Prompt:
Below are records; please give the number of their lines that contain the string "Power", and only that number.

---------- Listed entries

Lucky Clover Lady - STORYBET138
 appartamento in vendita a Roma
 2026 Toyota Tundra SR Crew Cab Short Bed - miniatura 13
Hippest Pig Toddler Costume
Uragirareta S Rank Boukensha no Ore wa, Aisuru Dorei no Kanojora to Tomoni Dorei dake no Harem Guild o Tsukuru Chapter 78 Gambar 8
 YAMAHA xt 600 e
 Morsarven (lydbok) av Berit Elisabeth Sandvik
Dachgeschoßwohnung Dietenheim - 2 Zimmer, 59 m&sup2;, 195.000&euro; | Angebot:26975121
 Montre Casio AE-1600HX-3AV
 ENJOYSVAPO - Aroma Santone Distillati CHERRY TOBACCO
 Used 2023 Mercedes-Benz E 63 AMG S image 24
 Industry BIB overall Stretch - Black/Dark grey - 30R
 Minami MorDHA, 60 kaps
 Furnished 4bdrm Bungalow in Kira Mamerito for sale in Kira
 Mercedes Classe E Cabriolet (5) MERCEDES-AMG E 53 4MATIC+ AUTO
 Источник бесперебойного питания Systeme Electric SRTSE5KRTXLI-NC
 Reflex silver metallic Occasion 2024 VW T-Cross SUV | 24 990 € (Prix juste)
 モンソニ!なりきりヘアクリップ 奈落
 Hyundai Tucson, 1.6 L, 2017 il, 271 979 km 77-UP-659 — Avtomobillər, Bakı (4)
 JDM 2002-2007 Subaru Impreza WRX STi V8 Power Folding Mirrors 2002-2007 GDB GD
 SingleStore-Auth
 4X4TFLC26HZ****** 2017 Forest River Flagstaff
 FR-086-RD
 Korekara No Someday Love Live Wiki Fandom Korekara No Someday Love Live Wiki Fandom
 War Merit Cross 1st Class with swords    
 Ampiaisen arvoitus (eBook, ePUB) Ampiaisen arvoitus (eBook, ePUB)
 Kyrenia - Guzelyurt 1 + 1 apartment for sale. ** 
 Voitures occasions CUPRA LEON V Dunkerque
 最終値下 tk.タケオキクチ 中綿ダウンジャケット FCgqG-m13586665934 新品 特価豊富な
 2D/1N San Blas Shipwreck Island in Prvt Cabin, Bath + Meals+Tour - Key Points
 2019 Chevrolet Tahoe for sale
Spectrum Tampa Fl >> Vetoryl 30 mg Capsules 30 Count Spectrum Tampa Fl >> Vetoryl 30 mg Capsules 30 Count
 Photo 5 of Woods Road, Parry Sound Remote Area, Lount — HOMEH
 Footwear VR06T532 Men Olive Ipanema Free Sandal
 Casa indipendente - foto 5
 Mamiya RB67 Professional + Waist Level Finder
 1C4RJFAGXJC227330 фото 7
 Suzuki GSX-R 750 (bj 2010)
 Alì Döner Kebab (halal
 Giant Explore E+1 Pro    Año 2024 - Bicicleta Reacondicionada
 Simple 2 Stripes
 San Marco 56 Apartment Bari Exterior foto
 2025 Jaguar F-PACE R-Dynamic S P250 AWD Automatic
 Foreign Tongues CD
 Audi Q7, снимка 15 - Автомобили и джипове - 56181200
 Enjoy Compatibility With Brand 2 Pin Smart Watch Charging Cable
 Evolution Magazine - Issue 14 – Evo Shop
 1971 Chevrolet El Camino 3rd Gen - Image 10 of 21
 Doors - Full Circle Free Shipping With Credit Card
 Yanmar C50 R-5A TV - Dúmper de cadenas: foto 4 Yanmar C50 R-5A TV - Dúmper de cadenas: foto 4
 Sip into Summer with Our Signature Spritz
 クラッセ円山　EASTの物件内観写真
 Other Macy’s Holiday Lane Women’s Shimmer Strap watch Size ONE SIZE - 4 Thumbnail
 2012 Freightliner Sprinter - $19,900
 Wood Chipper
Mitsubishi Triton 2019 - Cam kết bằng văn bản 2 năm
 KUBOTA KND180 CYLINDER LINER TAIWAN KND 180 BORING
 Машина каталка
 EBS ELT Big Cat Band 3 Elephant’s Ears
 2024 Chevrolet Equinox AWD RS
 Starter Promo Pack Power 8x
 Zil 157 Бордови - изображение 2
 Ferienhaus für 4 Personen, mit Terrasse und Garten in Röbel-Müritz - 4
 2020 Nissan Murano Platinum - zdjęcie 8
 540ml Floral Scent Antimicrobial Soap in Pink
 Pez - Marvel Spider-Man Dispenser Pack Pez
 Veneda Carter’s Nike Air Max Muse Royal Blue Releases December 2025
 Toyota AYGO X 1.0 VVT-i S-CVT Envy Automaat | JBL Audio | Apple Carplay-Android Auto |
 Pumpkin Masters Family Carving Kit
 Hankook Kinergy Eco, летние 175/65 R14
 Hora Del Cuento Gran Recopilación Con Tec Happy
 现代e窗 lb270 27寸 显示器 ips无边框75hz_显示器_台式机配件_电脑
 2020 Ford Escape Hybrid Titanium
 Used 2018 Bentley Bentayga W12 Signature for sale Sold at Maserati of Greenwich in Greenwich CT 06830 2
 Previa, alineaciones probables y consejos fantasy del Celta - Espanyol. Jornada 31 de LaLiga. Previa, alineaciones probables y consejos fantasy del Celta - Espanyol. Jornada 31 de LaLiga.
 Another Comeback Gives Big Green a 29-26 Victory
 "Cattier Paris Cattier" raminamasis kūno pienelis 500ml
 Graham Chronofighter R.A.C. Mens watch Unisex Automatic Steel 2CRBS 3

--------------------

Solution to the exercise:
2